Many building engineers and architects do learn about indoor air quality principles and work to incorporate them into new buildings. But as Gurian and Waring point out, these improvements could also be implemented in existing buildings as retrofits, which makes them able to be realized on a large scale.
Informal interviews with building managers indicate that maintaining functioning heating and cooling systems often consumes much of their time and efforts while considering how to improve the air quality systems is barely an afterthought.
“Increasing ventilation rate could be as easy as opening a damper or a vent,” Waring said. “And to make sure the air coming in is clean, you upgrade the filter. It’s as simple as that. This is an easy, impactful fix—we’re just trying to inform the decision-makers of that fact.”

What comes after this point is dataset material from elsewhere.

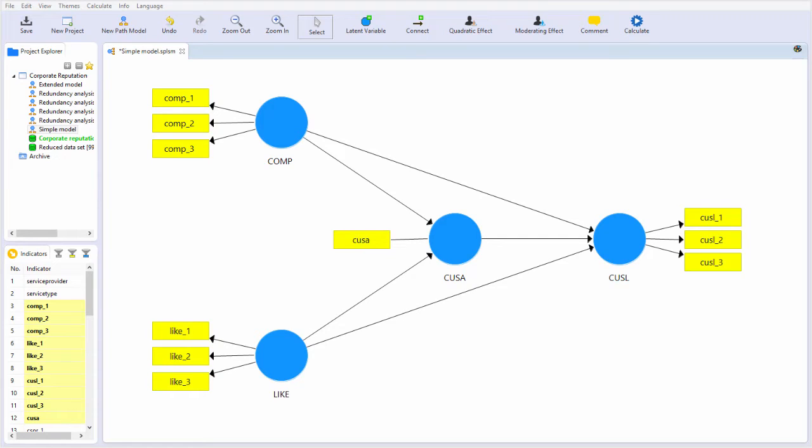Recall that we said specifying the PLSM model consists of two steps or stages. The first stage is the structural model specification, and we just discussed that in the first two videos. The second stage or step is the measurement model specification, and we're going to discuss that now.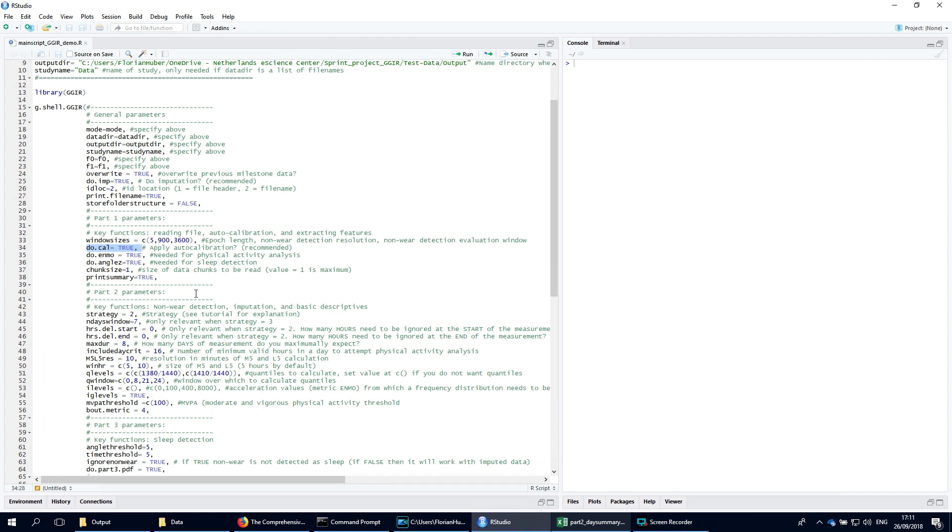The way the data is aggregated can be done with one or multiple metrics, which attempt to separate gravitational and movement related acceleration. In the background, the output of part 1 and the other parts are stored in milestone files. With argument override you can specify whether these milestone files need to be overwritten if they already exist, which helps to avoid doing double work.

But the education and incentives to shift perception of indoor air quality might be lagging. The researchers suggest that tying more air quality goals to the sustainability metrics used to rate buildings could be a step toward broader adoption of these methods.
They also suggest that some improvements and monitoring might be appropriate for individual residences.
“I can easily see indoor air quality technology and monitoring being incorporated in more residential climate control systems in the future,” Waring said. “For many subsets of the population indoor air quality is a real concern. For people with allergies, asthma or other sensitivities, it could start with improving the IAQ of their homes or apartments. But eventually more people will start thinking about the quality of air in their workplaces—as much as they think about the temperature and access to natural light. And that is when perception is going to start changing.”